The authors recommend that, when women seek out high-status connections, they “signal[] group orientation”—or that they’re seeking these connections to benefit the organization, not just themselves. They note that “this reframing tactic is not an ideal solution in the long run—it accommodates pre-existing gender stereotypes rather than challenging them.” Right! What’s wrong with seeking out high-status connections for yourself, rather than the benefit of others?

The authors also suggest that organizations can help reframe this narrative by encouraging employees to pursue ties with high-status individuals, and can reframe networking events as community building ones.

Working Fathers Subject to Microaggressions at Work

Fortune magazine reports that working fathers are increasingly the subject of microaggressions at work, something that traditionally only happened to working moms. The article notes that, while these microaggressions often come from older, male bosses, they also come from “women leaders who waded through waves of misogyny to advance in their careers.”

Generational Views of Feminism

Fortune magazine wrote an article based on a study by King’s College London’s Policy Institute and Global Institute for Women’s Leadership, in partnership with Ipsos U.K., that found that Gen Z men are more likely than Baby Boomers to believe that feminism does more harm than good. The study’s authors believe the reason to be that “young men—who are witnessing the push to pull women up the ranks—are worrying about their own future careers.” Around 20% of Gen Z men think it’ll be “much harder” to be a man than a woman in 20 years’ time. In comparison, for men over 60 years old, this drops to just 9%.

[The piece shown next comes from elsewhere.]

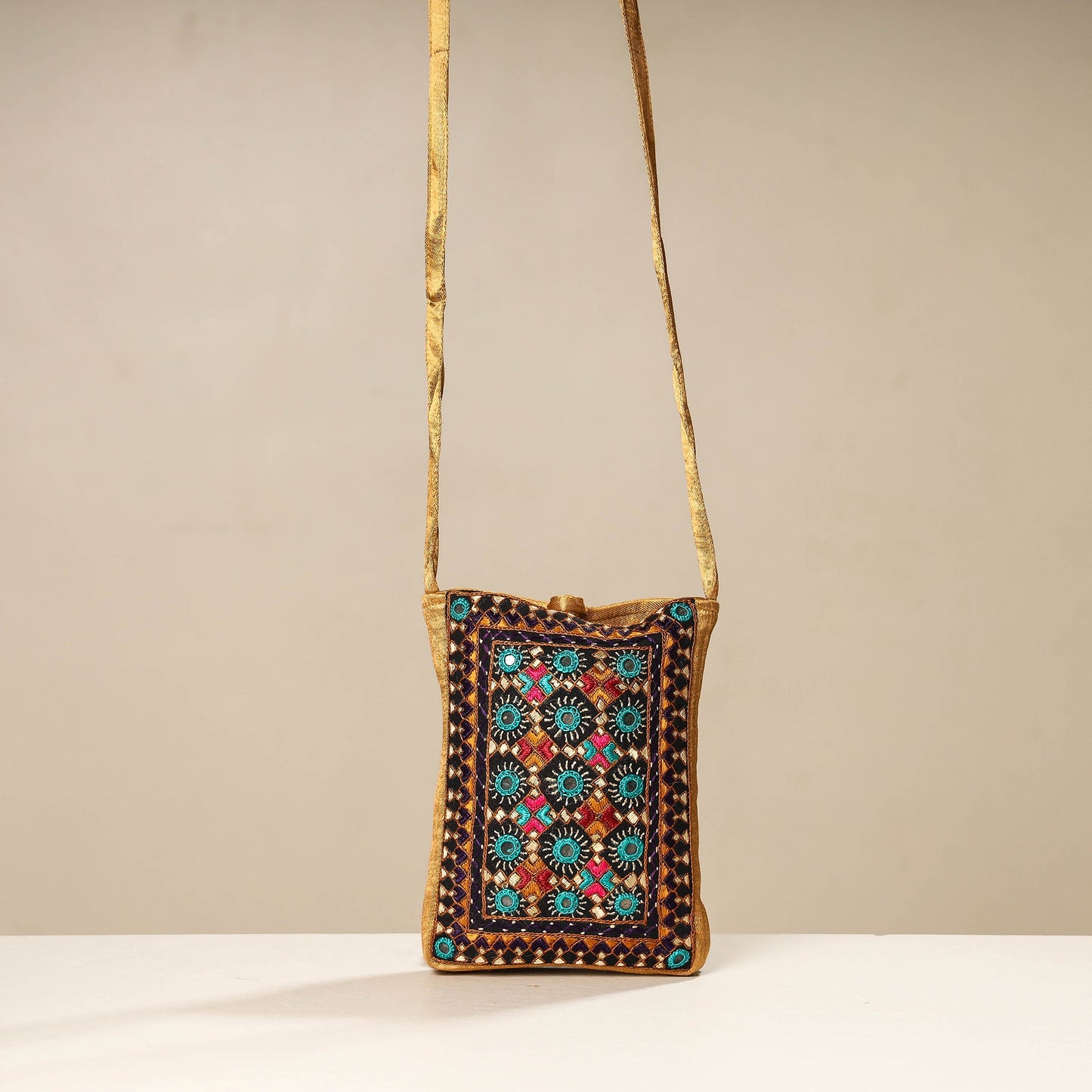 Multicolor Kutch Neran Embroidery Mashru Silk Mobile Sling Bag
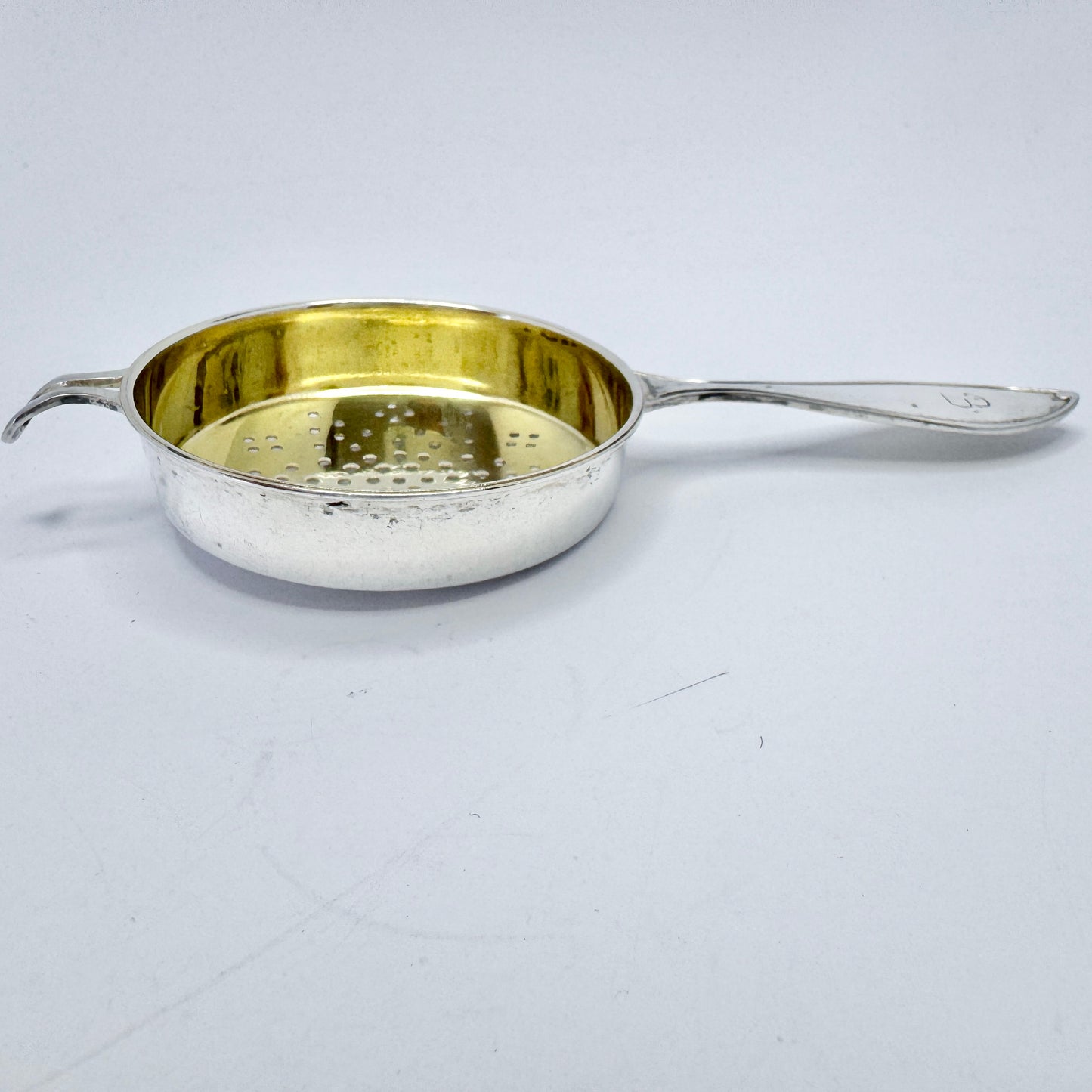 Sweden year 1924. Antique Art Deco Solid Silver Tea Strainer.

In an echo of the Claudia Goldin research we discussed last week in the R&T issue, the article concludes by quoting Susan Faludi’s book Backlash: The Undeclared War Against American Women, which points out that a backlash against women’s rights is “a recurring phenomenon” that “returns every time women begin to make some headway towards equality.”

Uptick in Sexual Harassment Complaints Against Federal Judges

Law360 published an article noting an uptick in sexual harassment complaints by federal judges. In the 12-month period ending September 30, 2023, there were six complaints. Two were from the Second Circuit, two from the Fourth Circuit, and one each from the Fifth and Ninth Circuits. Both of the Fourth Circuit complaints have been dismissed. There were also 37 accusations of retaliation for participating in the complaint process, which, as the article notes, likely contributes to the low complaint rates in the first instance.

Questions About the “Independent” Investigations into Sexual Abuse and Harassment

Mother Jones did an extensive article on the big business of “independent” investigations into sexual abuse and harassment, and whether survivors can trust the results of such investigations. You’ve all seen these: bad behavior happens in Corporate America, and so the company hires a prestigious law firm to do an investigation of the wrongdoing. They’re a big like the Congressional panels convened after tragedies or scandals, although independent investigations done for corporations are far more profitable. As Mother Jones observes, for many reasons explained in the article, “it is difficult to distinguish bona fida efforts from cynical exercises in liability management.”

Magic Mushrooms, Anyone?

The WSJ Magazine published an article stating that moms in high-powered jobs have found psilocybin (psychedelics known as magic mushrooms) to help them with performance and energy. Women interviewed for the article described it as “the new glass of wine” for executive women.